### What you will do
When you reach the line that contains "Nappe Belles fraises (In Situ)", please begin copying, and carry on exactly to the last line of the material, leaving out every picture.

### Given information

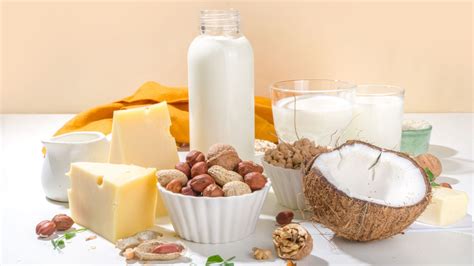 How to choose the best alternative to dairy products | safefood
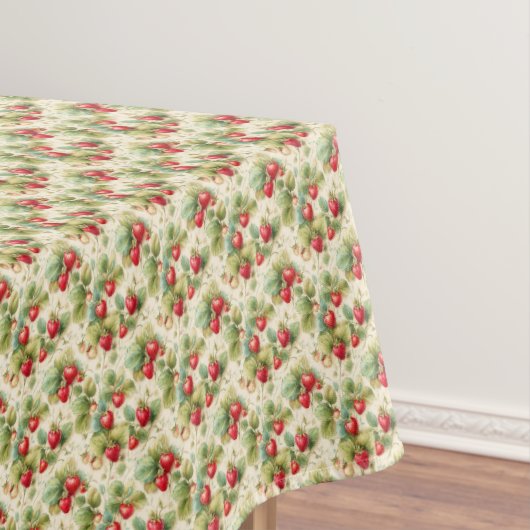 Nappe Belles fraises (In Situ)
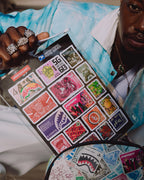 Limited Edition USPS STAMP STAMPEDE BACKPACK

### Reply
 Nappe Belles fraises (In Situ)
 Limited Edition USPS STAMP STAMPEDE BACKPACK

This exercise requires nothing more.